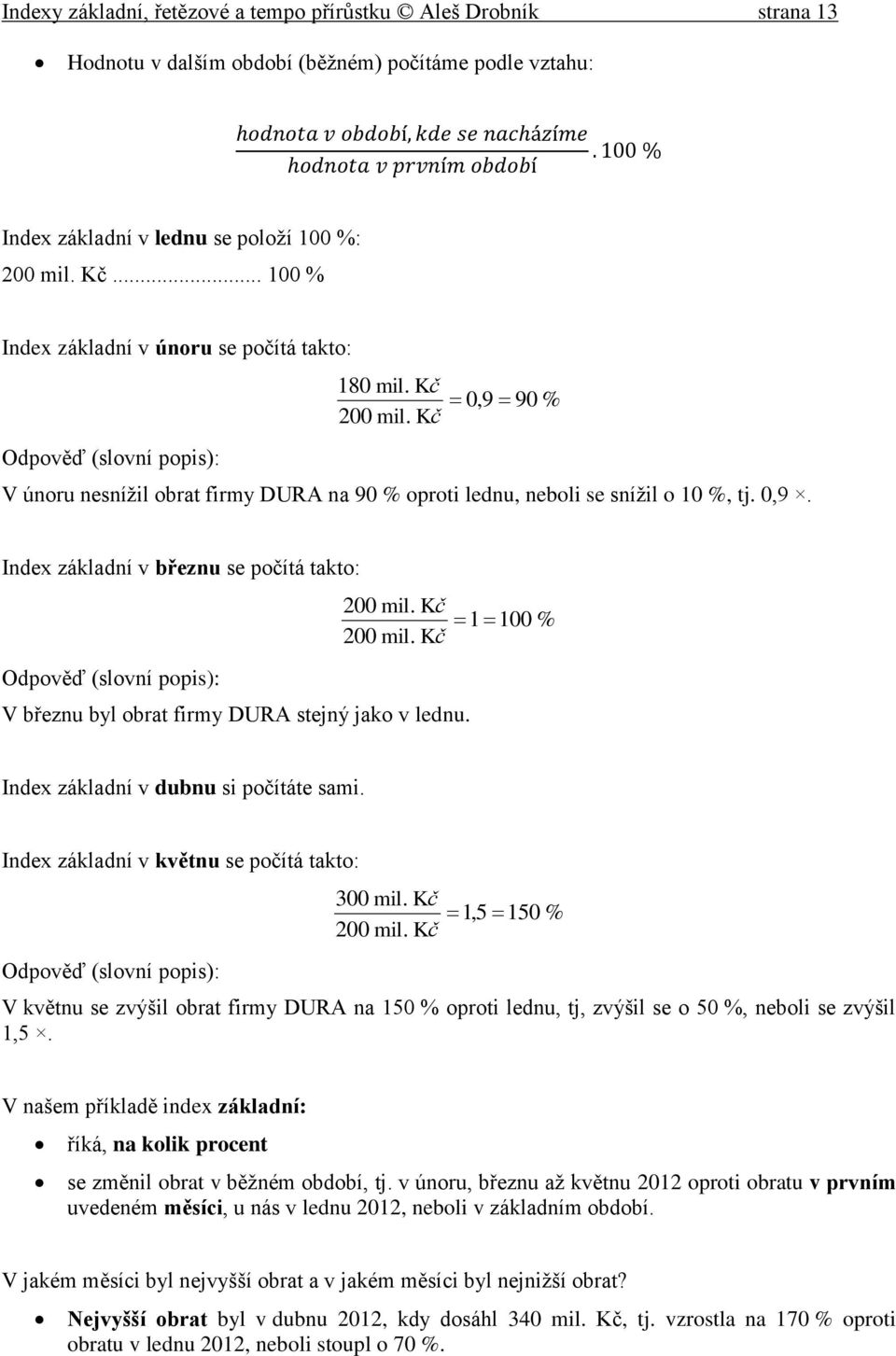 200 mil. V březnu byl obra firmy DURA sejný jako v lednu. 1 100 % Index základní v dubnu si počíáe sami. Index základní v kvěnu se počíá ako: 300 mil. 200 mil.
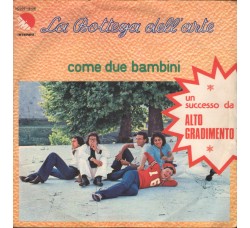 La Bottega Dell'Arte – Come Due Bambini – 45 RPM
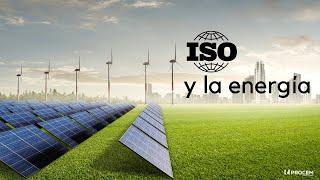 Las normas ISO y la energía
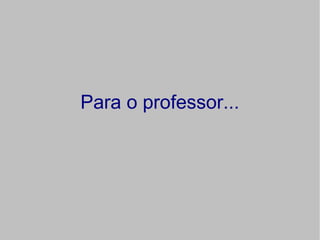 Para o professor...
 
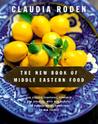 The New Book of Middle Eastern Food by Claudia Roden The New Book of Middle Eastern Food by Claudia Roden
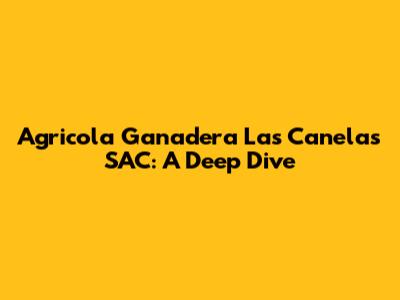 Agricola Ganadera Las Canelas SAC: A Deep Dive
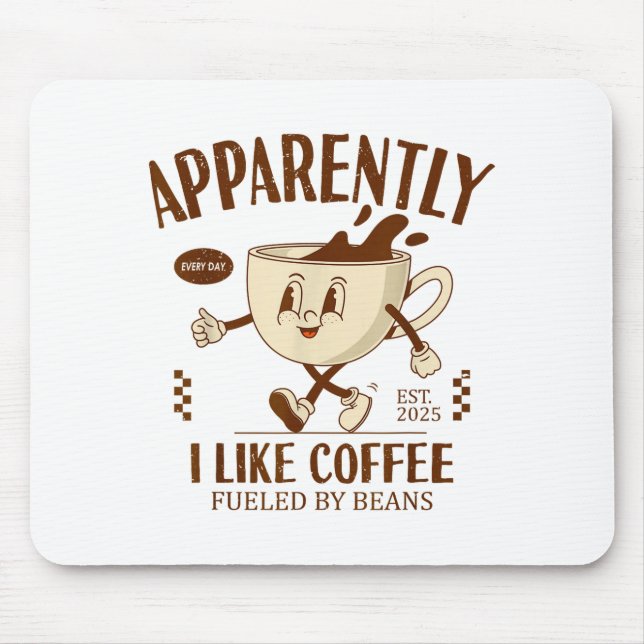 Funny Apparently, I Like Coffee Barista  Mouse Pad (Front)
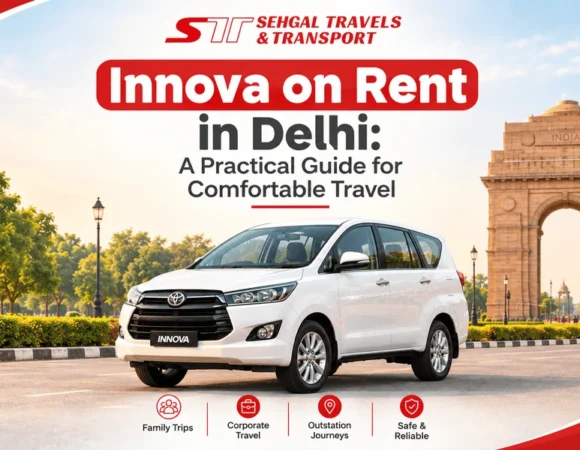 Innova on Rent in Delhi: A Practical Guide for Comfortable Travel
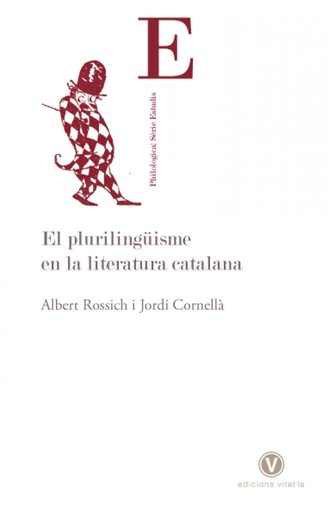 [9788493851460] El plurilingüisme en la literatura Catalana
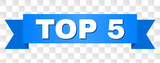 TOP 5 text on a ribbon. Designed with white caption and blue tape. Vector banner with TOP 5 tag on a transparent background.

━━━━━━

PROBLEM STATEMENT:
Please write the data out again exactly, but do not carry over the pictures.

ANSWER BOX:
 200 mil. V březnu byl obra firmy DURA sejný jako v lednu. 1 100 % Index základní v dubnu si počíáe sami. Index základní v kvěnu se počíá ako: 300 mil. 200 mil.
 La Bottega Dell'Arte – Come Due Bambini – 45 RPM
 Las normas ISO y la energía
 Para o professor...
 
 The New Book of Middle Eastern Food by Claudia Roden The New Book of Middle Eastern Food by Claudia Roden
 Agricola Ganadera Las Canelas SAC: A Deep Dive
 Funny Apparently, I Like Coffee Barista  Mouse Pad (Front)
 Innova on Rent in Delhi: A Practical Guide for Comfortable Travel
 [9788493851460] El plurilingüisme en la literatura Catalana
 TOP 5 text on a ribbon. Designed with white caption and blue tape. Vector banner with TOP 5 tag on a transparent background.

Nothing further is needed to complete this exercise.